**Try it:**
Please, starting at the line that contains "NWT Vineyard Vines", reproduce every line exactly until the records run out, skipping all pictures.
─── Source data ───
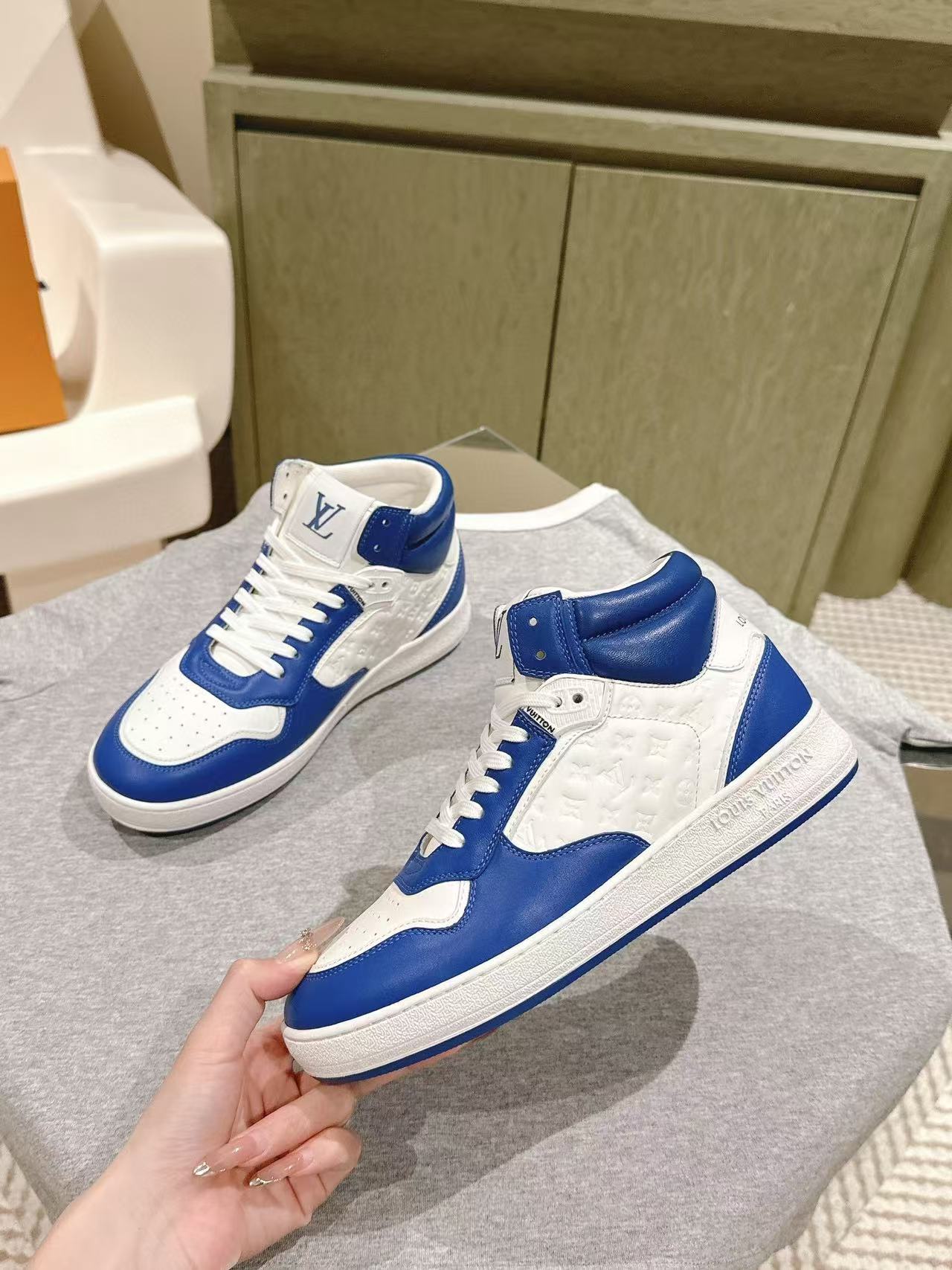 LV高品質ハイトップスニーカー【50％割引+送料無料】
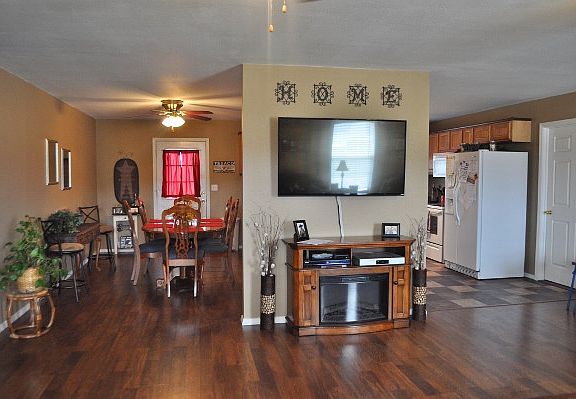 3rd image of 12077 Hidden Meadow Ln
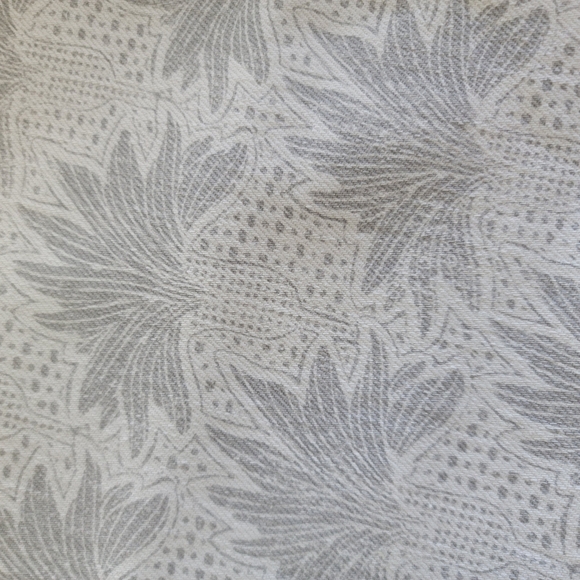 NWT Vineyard Vines Womens Flower Eyelet Printed Gray/White Denim Skinny Jeans - Picture 13 of 13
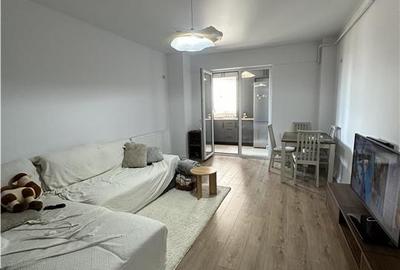 Apartament cu 2 camere semidecomandat, mobilat în 13 Septembrie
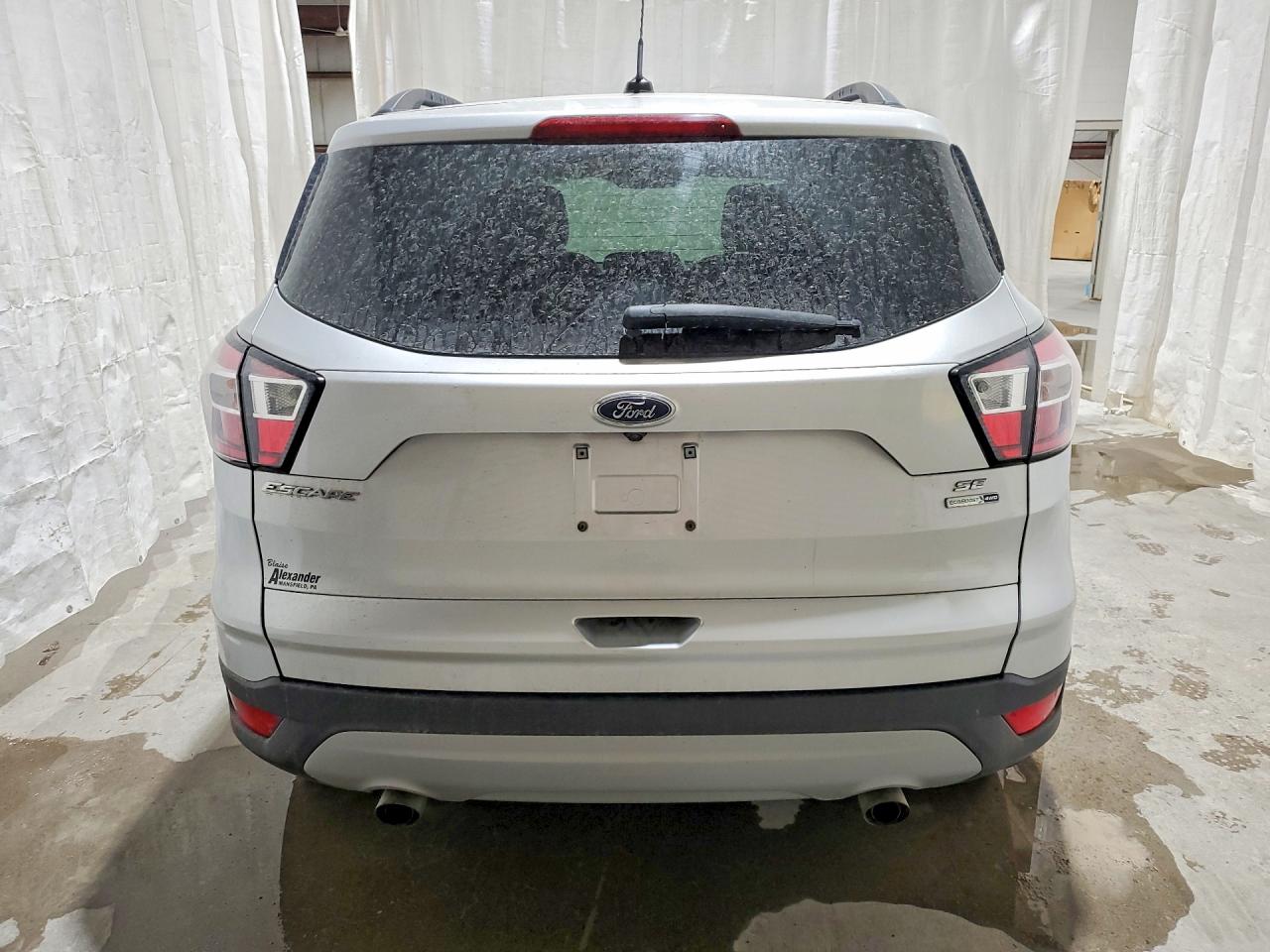 2018 Ford Escape Se Silver vin: 1FMCU9G91JUC41405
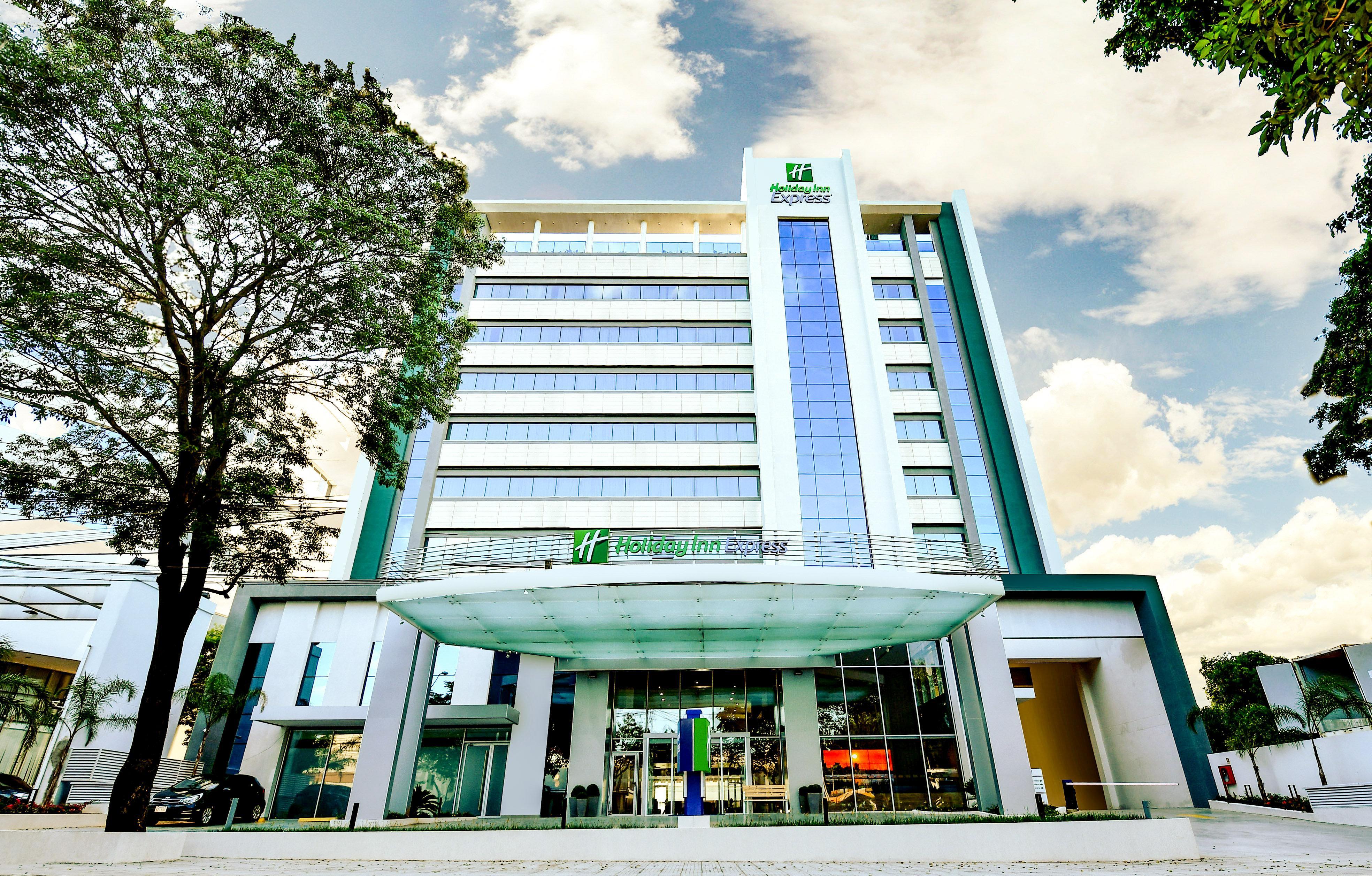 Holiday Inn Express Asuncion Aviadores By Ihg Exteriör bild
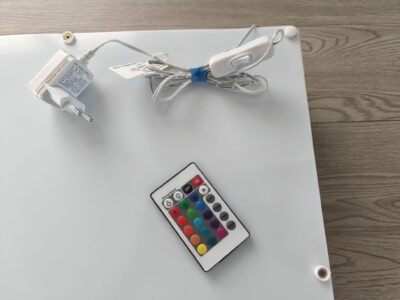 Mesa de luz sensorial 50x50 con mando (hecha a mano)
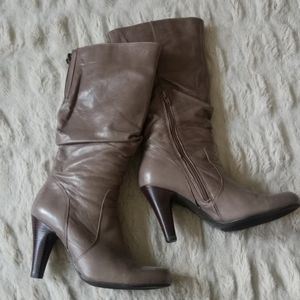 Guess heeled boots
───
**Solution to this problem:**
 NWT Vineyard Vines Womens Flower Eyelet Printed Gray/White Denim Skinny Jeans - Picture 13 of 13
 Apartament cu 2 camere semidecomandat, mobilat în 13 Septembrie
 2018 Ford Escape Se Silver vin: 1FMCU9G91JUC41405
 Holiday Inn Express Asuncion Aviadores By Ihg Exteriör bild
 Mesa de luz sensorial 50x50 con mando (hecha a mano)
 Guess heeled boots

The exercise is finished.